### Recorded data ###

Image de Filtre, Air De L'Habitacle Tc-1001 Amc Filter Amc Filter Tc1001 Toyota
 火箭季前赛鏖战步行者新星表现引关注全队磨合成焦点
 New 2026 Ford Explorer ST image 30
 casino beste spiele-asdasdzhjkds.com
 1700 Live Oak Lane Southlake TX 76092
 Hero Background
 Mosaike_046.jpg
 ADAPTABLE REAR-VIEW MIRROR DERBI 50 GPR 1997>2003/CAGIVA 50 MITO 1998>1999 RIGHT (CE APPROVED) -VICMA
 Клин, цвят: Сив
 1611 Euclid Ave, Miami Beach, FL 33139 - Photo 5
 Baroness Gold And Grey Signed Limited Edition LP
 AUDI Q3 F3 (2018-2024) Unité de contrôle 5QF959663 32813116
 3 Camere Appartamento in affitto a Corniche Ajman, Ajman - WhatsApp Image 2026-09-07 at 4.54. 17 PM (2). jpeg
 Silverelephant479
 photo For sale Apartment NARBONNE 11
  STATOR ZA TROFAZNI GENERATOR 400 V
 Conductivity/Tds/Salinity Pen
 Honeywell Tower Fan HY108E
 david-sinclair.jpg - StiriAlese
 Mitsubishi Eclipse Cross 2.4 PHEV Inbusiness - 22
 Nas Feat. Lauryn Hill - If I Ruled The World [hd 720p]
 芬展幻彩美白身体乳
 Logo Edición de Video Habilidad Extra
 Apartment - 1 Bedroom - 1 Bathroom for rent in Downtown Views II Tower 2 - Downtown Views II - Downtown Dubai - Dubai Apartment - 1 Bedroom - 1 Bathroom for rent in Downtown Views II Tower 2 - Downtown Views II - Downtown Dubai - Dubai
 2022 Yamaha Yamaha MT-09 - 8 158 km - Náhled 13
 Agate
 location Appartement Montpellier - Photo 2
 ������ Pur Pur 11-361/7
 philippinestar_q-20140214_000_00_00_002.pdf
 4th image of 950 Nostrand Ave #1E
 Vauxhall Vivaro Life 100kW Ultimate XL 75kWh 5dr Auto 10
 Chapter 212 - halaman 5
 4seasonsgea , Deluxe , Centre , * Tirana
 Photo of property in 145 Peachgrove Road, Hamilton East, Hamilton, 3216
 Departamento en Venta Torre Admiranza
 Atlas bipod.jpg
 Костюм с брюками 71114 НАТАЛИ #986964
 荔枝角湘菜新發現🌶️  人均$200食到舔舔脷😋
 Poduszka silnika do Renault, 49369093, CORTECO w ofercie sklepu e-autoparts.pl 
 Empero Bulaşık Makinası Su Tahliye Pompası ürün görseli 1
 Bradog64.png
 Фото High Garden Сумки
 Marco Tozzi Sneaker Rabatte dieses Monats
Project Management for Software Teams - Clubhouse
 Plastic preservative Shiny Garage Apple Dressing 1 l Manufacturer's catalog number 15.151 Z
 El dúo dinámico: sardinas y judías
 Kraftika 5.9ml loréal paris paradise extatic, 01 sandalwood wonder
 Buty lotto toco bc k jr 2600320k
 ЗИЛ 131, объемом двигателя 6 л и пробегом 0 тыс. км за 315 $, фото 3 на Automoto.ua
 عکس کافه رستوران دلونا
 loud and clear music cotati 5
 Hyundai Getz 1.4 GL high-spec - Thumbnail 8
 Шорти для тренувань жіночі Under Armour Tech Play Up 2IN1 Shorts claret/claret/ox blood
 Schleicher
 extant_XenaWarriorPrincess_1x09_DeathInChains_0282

###

■ Aim of the exercise
Write out exactly the lines that fall from the line with "casino beste spiele-asdasdzhjkds.com" to the line with "El dúo dinámico: sardinas y judías" in the records above, keeping both ends.

■ Problem solution
 casino beste spiele-asdasdzhjkds.com
 1700 Live Oak Lane Southlake TX 76092
 Hero Background
 Mosaike_046.jpg
 ADAPTABLE REAR-VIEW MIRROR DERBI 50 GPR 1997>2003/CAGIVA 50 MITO 1998>1999 RIGHT (CE APPROVED) -VICMA
 Клин, цвят: Сив
 1611 Euclid Ave, Miami Beach, FL 33139 - Photo 5
 Baroness Gold And Grey Signed Limited Edition LP
 AUDI Q3 F3 (2018-2024) Unité de contrôle 5QF959663 32813116
 3 Camere Appartamento in affitto a Corniche Ajman, Ajman - WhatsApp Image 2026-09-07 at 4.54. 17 PM (2). jpeg
 Silverelephant479
 photo For sale Apartment NARBONNE 11
  STATOR ZA TROFAZNI GENERATOR 400 V
 Conductivity/Tds/Salinity Pen
 Honeywell Tower Fan HY108E
 david-sinclair.jpg - StiriAlese
 Mitsubishi Eclipse Cross 2.4 PHEV Inbusiness - 22
 Nas Feat. Lauryn Hill - If I Ruled The World [hd 720p]
 芬展幻彩美白身体乳
 Logo Edición de Video Habilidad Extra
 Apartment - 1 Bedroom - 1 Bathroom for rent in Downtown Views II Tower 2 - Downtown Views II - Downtown Dubai - Dubai Apartment - 1 Bedroom - 1 Bathroom for rent in Downtown Views II Tower 2 - Downtown Views II - Downtown Dubai - Dubai
 2022 Yamaha Yamaha MT-09 - 8 158 km - Náhled 13
 Agate
 location Appartement Montpellier - Photo 2
 ������ Pur Pur 11-361/7
 philippinestar_q-20140214_000_00_00_002.pdf
 4th image of 950 Nostrand Ave #1E
 Vauxhall Vivaro Life 100kW Ultimate XL 75kWh 5dr Auto 10
 Chapter 212 - halaman 5
 4seasonsgea , Deluxe , Centre , * Tirana
 Photo of property in 145 Peachgrove Road, Hamilton East, Hamilton, 3216
 Departamento en Venta Torre Admiranza
 Atlas bipod.jpg
 Костюм с брюками 71114 НАТАЛИ #986964
 荔枝角湘菜新發現🌶️  人均$200食到舔舔脷😋
 Poduszka silnika do Renault, 49369093, CORTECO w ofercie sklepu e-autoparts.pl 
 Empero Bulaşık Makinası Su Tahliye Pompası ürün görseli 1
 Bradog64.png
 Фото High Garden Сумки
 Marco Tozzi Sneaker Rabatte dieses Monats
Project Management for Software Teams - Clubhouse
 Plastic preservative Shiny Garage Apple Dressing 1 l Manufacturer's catalog number 15.151 Z
 El dúo dinámico: sardinas y judías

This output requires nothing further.